[aodvv2-discuss] Re: Outstanding JWDs from April 4th (Lotte's email and attachment "2")

From: Lotte Steenbrink <lotte.steenbrink@xxxxxxxxxxxx>
To: aodvv2-discuss@xxxxxxxxxxxxx
Date: Tue, 19 Apr 2016 23:42:38 +0200

Correction: not 9, but 8 TODOs left. :) Now for the other E-Mails...

Am 19.04.2016 um 23:34 schrieb Lotte Steenbrink
<lotte.steenbrink@xxxxxxxxxxxx>:

Hi Vicky, hi everyone,

Am 15.04.2016 um 21:44 schrieb Victoria Mercieca <vmercieca0@xxxxxxxxx
<mailto:vmercieca0@xxxxxxxxx>>:

Hi all,

I finally found some time to go through everything marked with a JWD TODO
from Lotte's email on 4th April. I know there have already been some
comments, so I apologise if I am re-iterating things that have already been
updated!
I've listed all the TODOs I found (although there's a couple I haven't
commented on).

Here goes.....

Valid route
      A route that can be used for forwarding. (the deleted part should be
defined in Route Error Generation section JWD TODO: why there?

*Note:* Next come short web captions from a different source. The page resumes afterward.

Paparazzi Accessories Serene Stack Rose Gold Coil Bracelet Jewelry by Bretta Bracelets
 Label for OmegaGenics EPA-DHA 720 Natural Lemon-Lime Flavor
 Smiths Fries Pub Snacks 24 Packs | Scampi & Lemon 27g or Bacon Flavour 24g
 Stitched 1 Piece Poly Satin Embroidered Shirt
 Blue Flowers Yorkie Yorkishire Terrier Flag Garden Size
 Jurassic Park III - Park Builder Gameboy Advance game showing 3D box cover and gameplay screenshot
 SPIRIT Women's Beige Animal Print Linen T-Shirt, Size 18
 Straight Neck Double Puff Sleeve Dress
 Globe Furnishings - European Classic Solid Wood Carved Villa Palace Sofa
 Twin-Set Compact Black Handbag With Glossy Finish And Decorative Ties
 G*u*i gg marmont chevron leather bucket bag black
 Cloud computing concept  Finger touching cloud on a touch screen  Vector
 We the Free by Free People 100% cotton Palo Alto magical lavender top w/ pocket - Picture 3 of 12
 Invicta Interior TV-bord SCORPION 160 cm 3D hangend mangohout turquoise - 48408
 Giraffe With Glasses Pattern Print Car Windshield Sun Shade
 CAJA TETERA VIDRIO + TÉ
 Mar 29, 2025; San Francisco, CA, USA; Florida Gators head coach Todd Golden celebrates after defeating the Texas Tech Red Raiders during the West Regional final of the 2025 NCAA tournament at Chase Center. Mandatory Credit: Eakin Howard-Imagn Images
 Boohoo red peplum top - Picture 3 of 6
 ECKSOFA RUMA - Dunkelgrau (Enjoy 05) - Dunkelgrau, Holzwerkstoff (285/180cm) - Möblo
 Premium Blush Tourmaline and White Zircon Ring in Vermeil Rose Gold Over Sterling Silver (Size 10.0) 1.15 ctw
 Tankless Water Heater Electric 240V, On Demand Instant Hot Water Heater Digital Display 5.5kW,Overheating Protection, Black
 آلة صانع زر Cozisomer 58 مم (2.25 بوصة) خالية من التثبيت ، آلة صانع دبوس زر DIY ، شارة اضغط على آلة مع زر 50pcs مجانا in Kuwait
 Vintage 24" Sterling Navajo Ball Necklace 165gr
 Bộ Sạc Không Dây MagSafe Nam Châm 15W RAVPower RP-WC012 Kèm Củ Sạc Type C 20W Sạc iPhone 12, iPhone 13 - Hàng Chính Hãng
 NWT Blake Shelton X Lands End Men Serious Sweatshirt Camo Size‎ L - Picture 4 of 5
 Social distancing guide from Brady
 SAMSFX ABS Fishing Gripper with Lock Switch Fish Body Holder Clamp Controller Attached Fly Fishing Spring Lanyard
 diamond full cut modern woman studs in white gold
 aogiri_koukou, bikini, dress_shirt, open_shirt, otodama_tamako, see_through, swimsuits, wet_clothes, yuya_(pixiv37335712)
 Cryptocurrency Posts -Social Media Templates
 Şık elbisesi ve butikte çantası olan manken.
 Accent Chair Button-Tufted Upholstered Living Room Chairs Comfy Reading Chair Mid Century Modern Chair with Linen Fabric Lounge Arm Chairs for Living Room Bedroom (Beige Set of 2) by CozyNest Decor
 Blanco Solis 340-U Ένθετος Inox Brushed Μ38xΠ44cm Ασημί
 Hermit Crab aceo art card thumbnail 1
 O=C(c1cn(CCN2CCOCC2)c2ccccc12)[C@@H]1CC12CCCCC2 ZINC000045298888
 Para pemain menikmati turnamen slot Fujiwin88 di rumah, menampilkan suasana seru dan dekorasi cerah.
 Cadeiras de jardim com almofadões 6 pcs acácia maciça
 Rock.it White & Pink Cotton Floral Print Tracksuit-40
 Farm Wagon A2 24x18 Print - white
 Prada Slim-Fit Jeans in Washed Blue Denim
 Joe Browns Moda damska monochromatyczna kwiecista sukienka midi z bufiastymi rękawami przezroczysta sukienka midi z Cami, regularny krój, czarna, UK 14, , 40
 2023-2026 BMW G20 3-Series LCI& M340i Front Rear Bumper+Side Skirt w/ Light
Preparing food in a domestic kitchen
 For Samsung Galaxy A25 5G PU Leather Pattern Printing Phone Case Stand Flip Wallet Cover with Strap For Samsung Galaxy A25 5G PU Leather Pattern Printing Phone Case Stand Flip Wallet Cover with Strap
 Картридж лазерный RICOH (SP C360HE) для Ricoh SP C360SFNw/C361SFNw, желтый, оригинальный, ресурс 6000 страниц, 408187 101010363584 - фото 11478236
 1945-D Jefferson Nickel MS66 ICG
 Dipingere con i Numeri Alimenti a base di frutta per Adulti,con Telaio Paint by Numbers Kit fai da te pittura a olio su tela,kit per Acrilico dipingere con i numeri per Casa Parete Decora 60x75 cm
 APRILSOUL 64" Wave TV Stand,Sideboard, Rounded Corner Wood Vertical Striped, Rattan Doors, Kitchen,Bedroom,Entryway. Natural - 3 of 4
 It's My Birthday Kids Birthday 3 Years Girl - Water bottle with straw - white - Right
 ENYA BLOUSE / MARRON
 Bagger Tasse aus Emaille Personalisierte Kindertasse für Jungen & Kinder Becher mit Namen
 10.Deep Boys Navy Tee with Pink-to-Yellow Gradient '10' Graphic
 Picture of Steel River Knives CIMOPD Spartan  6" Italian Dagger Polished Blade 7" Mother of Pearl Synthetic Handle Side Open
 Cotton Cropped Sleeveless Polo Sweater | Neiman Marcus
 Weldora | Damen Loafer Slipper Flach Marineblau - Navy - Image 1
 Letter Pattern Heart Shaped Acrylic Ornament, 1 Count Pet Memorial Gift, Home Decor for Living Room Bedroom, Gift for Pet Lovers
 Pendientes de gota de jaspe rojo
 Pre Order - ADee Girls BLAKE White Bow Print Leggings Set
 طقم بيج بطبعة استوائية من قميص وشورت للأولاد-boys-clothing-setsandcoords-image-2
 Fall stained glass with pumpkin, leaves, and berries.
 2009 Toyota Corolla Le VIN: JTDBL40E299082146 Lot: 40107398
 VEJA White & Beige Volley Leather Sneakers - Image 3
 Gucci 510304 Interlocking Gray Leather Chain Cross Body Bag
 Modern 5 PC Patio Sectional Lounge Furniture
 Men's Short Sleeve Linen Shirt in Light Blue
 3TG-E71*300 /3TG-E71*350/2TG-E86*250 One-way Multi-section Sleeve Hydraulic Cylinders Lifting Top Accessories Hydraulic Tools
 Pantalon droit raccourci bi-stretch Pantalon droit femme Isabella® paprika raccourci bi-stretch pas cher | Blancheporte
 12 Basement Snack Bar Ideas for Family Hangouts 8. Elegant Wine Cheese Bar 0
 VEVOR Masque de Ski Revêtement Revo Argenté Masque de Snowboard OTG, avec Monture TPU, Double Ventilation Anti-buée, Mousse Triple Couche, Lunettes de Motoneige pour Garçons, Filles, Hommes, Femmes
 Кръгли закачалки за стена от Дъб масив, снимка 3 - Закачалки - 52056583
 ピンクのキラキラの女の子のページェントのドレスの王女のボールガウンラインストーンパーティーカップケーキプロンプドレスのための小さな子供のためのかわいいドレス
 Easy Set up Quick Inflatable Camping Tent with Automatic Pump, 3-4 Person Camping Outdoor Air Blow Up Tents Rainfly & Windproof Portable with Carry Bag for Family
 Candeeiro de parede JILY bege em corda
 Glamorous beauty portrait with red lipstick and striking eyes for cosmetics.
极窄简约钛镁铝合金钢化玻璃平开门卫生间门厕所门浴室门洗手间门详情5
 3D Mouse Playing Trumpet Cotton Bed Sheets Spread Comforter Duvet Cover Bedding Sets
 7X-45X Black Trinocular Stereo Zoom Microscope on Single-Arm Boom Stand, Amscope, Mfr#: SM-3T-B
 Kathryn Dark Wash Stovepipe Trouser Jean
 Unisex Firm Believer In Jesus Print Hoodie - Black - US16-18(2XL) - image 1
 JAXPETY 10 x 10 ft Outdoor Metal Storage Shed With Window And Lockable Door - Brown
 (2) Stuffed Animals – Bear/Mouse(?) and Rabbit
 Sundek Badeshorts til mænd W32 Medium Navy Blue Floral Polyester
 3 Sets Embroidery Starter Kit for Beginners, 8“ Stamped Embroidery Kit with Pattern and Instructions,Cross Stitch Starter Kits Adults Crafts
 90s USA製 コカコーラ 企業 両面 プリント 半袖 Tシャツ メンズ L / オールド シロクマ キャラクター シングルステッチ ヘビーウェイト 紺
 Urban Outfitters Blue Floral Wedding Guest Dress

If you hink
it's a bit too verbose at that place, Local Route Set  {#rte} has an
in-depth definition what a valid route is and isn't )

I agree, the extra explanation doesn't need to go here. The deleted bit was:
which has been confirmed as having a bidirectional link to the next hop,
and has not timed out or been made invalid by a route error.

"Local Route Set" is the right place for this information, and the
explanation already there is fine. I vote to remove this bit from the
Terminology, and not insert anywhere else. If the reader wants extra info,
maybe include a reference to "Local Route Set" section with the terminology
entries for Valid route and Invalid route, e.g. "Further information can be
found in Section __“.

Yup, done :)

---

Unreachable Address
      An address reported in a Route Error message. (the deleted part should
be defined in Route Error Generation section JWD TODO)

The deleted part was:
either the address on a LocalRoute which became Invalid, or the destination
address of an IP packet that could not be forwarded because a valid
LocalRoute to the destination is not known, and will not be requested.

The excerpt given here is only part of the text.